Thassos: Ein solch grünes Insel-Idyll hätten wir jetzt wahrlich nicht in Griechenland erwartet. Wenn wir an dessen Eilande denken, fallen uns vor allem die Kykladen, Kreta und Rhodos ein und die zeigen sich oft in einem erdfarbenen Kleid.

Der Beiname von Thassos hätte uns auf die richtige Spur bringen können. Von der „Smaragdgrünen“ spricht der Reiseführer und die Inaugenscheinnahme zeigt, dass er nicht übertrieben habt. Eine üppige Vegetation überzieht die fast kreisrunde Insel in der Nordägäis. Die steil abfallenden Hänge des fast 1 200 Meter hohen Ypsarions, des höchsten Berges der Insel, präsentieren sich selbst im Oktober noch in sattem Grün. Was für ein Unterschied zu den Kykladenschönheiten Naxos, Santorin oder Paros, wo das Auge kaum an grünen Tupfern hängen bleibt.

Ein Kirchlein auf der Insel Thassos

Thassos: Nachbar von Bulgarien und der Türkei

Thassos ist anders als die touristischen Schwergewichte im Süden. Das liegt nicht allein an der Lage des Inseljuwels, 100 Kilometer von Bulgarien und 200 Kilometer von der Türkei entfernt. Schon bei der Anreise per Fähre – einen Flughafen gibt es auf Thassos glücklicherweise noch nicht – wird uns klar: Hier sind deutsche Pauschaltouristen in der Minderheit.

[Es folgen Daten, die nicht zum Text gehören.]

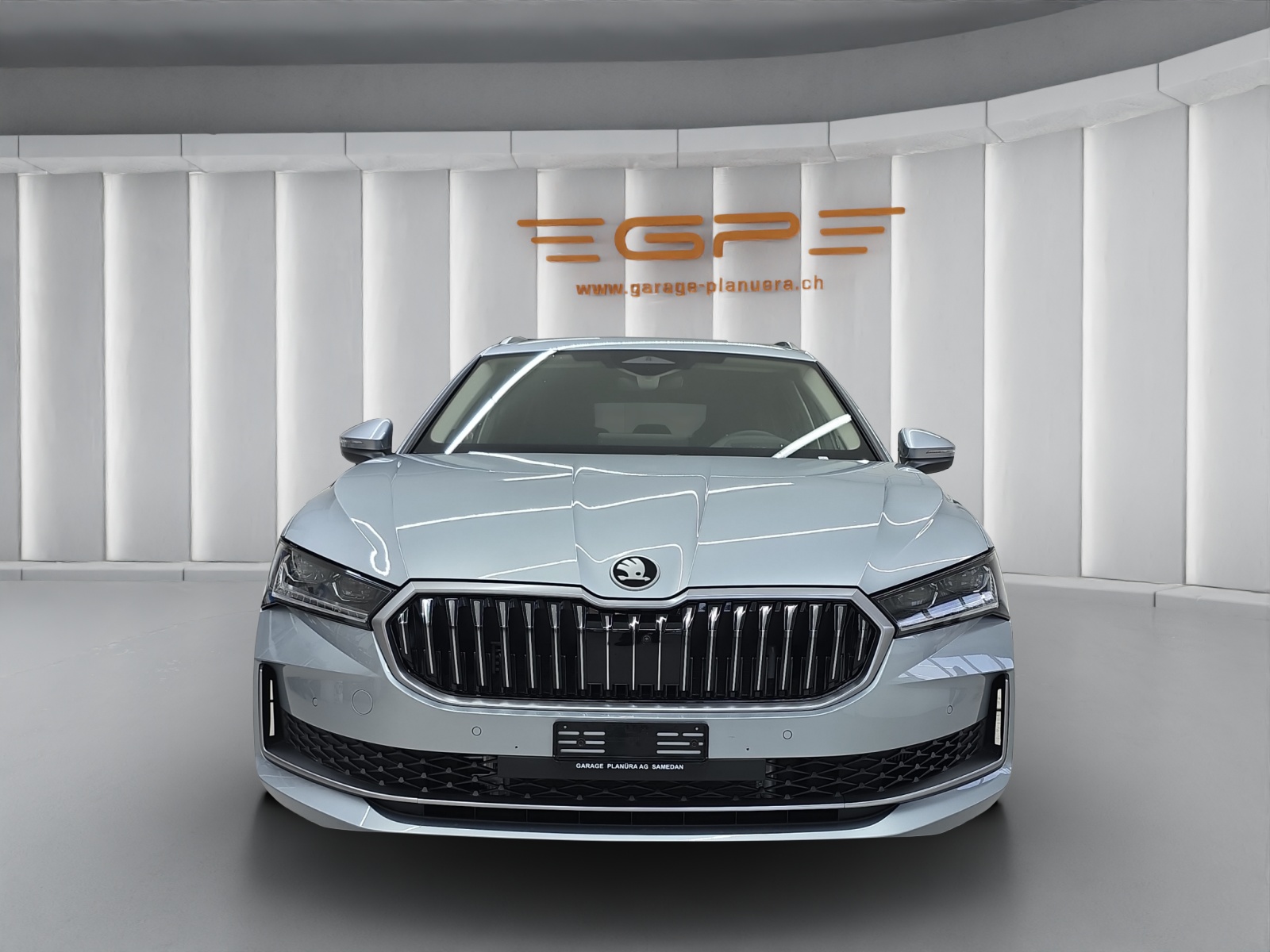 SKODA Superb Combi 2.0 TSI L & K 4x4 DSG-showroom-element-2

Dafür rollen unzählige Fahrzeuge mit serbischen, rumänischen oder bulgarischen Kennzeichen auf den schwimmenden Lastesel. Einigen der Insassen werden wir in den nächsten Tagen wieder begegnen: an einem der zahlreichen Strände, die sich wie Perlen an der Schnur an der knapp 100 Kilometer langen Ringstraße aufreihen.

Von Kavala geht es per Fähre in 40 Minuten hinüber nach Thassos

Zwei Stunden braucht man für die komplette Umrundung der Insel; die Stichstraßen ins Inselinnere enden meist im Nirgendwo oder schrecken Mietwagenfahrer ab, die sich mit der preiswerten Kategorie ohne Allrad begnügt haben.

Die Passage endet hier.